Nielsen suggests that more effort should be invested to increase users' success on the first search attempt. Studies (Belkin, 2001; Belkin, 2002) have revealed that this can be achieved by assisting users in the initial query formulation. Simple features like spellchecking support, improved labels in the user interface, and a more generous text input area could potentially improve search performance.
When
users make spelling mistakes, their search often yields no results. This
happens when search terms are not in the index, the user misspells
the terms, or the user does not know the proper inflection of a word entered
as a search term. In a study conducted by Dalianis (2002), approximately
10% of all queries sampled were potentially erroneous. Current search engines
such as Google and Yahoo! Search analyze terms after the query has
been submitted by the client application. For example, Google implements
software that parses a query to see if each term matches the most common
version of a word's spelling. If it determines that aternative spellings
of query term(s) would generate more relevant search results, the results
page links to a new search based upon a spelling suggestion, preceeded
by the familiar phrase, "Did you mean:" (Google,
2004a).
Over the past couple of years, there has been a trend to integrate search functionality into client applications. Google makes a tool bar that docks into Microsoft Internet Explorer 5.0 or later (Google, 2004b), and Apple's Safari browser ships with a built-in Google search field (Apple, 2004a). Many common mispelled queries could be completely avoided by adding a spellchecker feature that "listens" to the search field of the previous examples. A passive error indicator, like the red, zig-zag underline found in Microsoft Word, could signal a potential mispelling without interrupting the typing flow of the user. Figure 1 illustrates the proposed spelling error indicator. Neither Safari or the Google Tool Bar implement this feature. To date, no research has been conducted to determine what percentage of query errors this feature could prevent.
Belkin (2002) recommends providing search interface labels that elicit verbose information problem descriptions.

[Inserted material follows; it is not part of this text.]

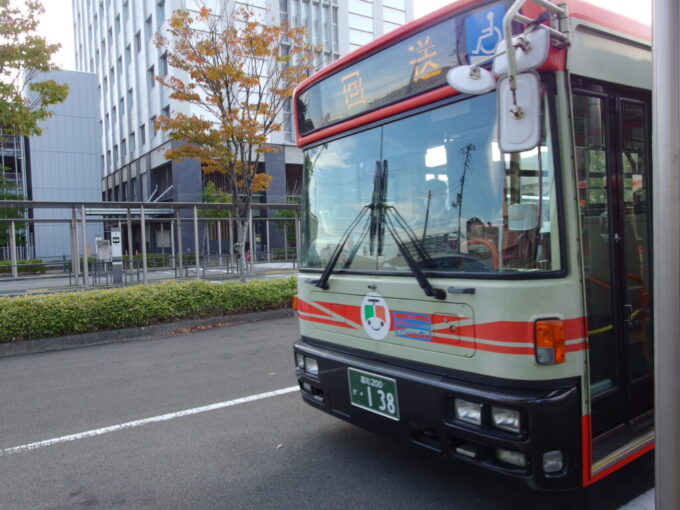 11月上旬初めての高知駅前のバスターミナルからとさでん交通バス桂浜線に乗車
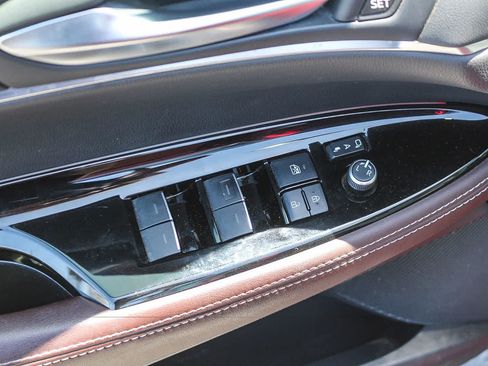 Used 2021 Toyota Mirai RWD image 27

He asserts that asking users to enter queries as complete sentences or questions, as opposed to lists of keywords or phrases, "led to significantly longer queries (even after non-content words were removed)." For example, in an experimental search interface, Belkin (2002) labeled the query input field with the phrase, "Please describe your information problem in detail," instead of the Web standard "Search" or "Go." This subtle difference in labeling resulted in substantially and significantly longer queries, significantly increased satisfaction with search results, and significantly fewer query iterations per search.
Considering how standard Web search input boxes constrain queries by limiting character length and the visible area of the query (often only large enough to view no more than two words before scrolling), and most likely applying Norman's principle of affordance (1988), Belkin (2001) found that larger text input boxes with multiple (five lines in his experiment) lines yielded longer queries than those from what has become the de facto standard single-line text input box. Investigating the relationship between query length and search performance, Belkin (2001) also found that longer queries lead to better performance and greater satisfaction.

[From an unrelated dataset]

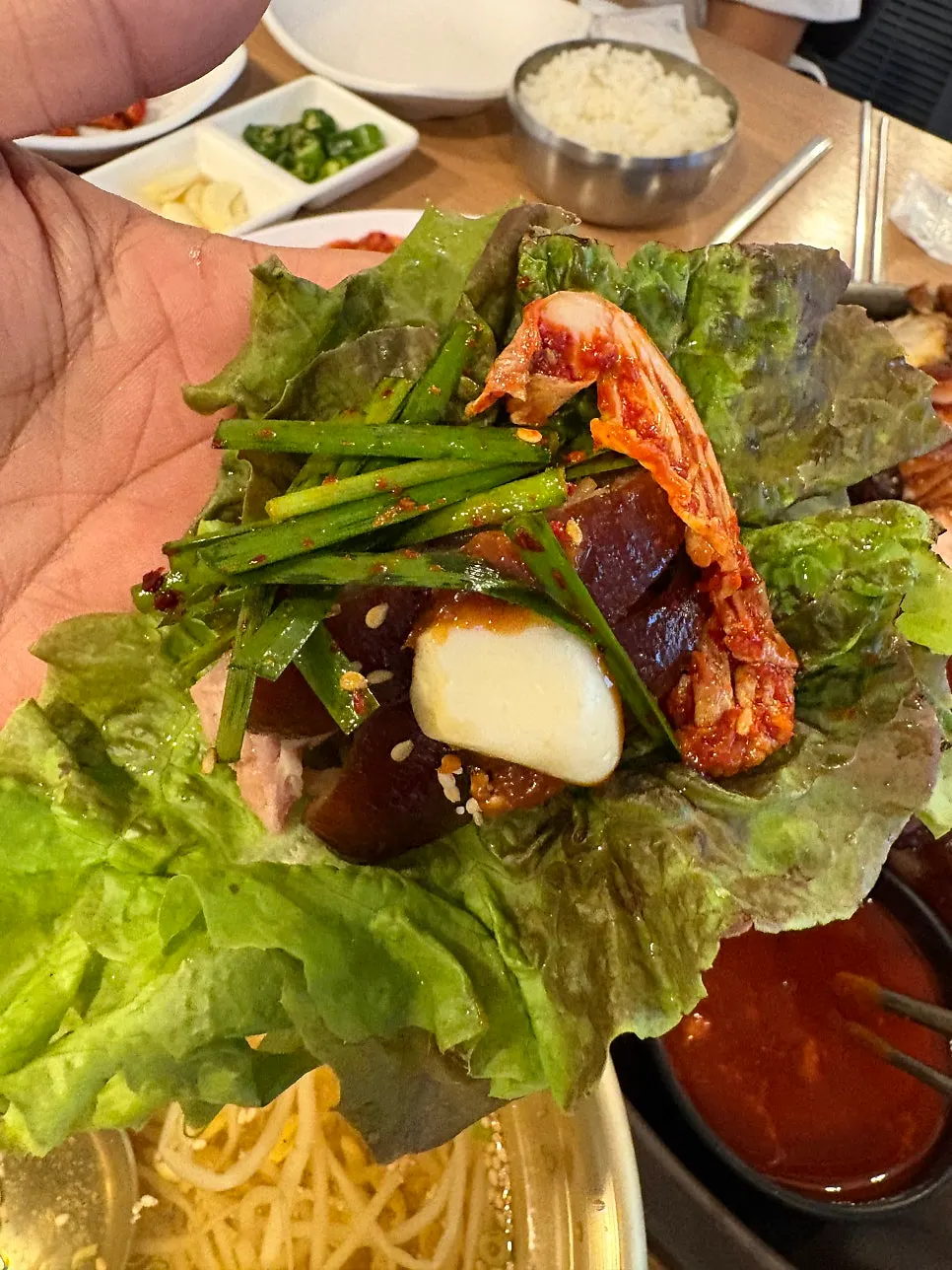 Fresh vegetables served with jokbal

The majority of commercial Web search systems present results as a lengthy ranked list, sometimes numbering in the millions. Such a daunting lists can intimidate and lower the confidence of users. In 1993, Kulthau noted that user emotions are an important element in the search interaction process. New research has attempted to find ways to present results in a way that not only increases user confidence, but also invites interaction to assist in query reformulation.
3.1 Categorized ResultsFor years now, Web searches using popular systems such as Google and Alta Vista have returned long lists of results on multitudes of undifferentiated topics. In 2001, Dumais, Cutrell, and Chen tested new interfaces that categorized search results to help users sort through and make better decisions in selecting resources. Their system implemented an automatic Web page classifier that identified textual patterns in documents and assigned it to categories based upon predefined category model. The study found that every category interface tested was more effective than a list interface. Participants not only preferred a categorized interface, but also were up to 50% faster using this interface.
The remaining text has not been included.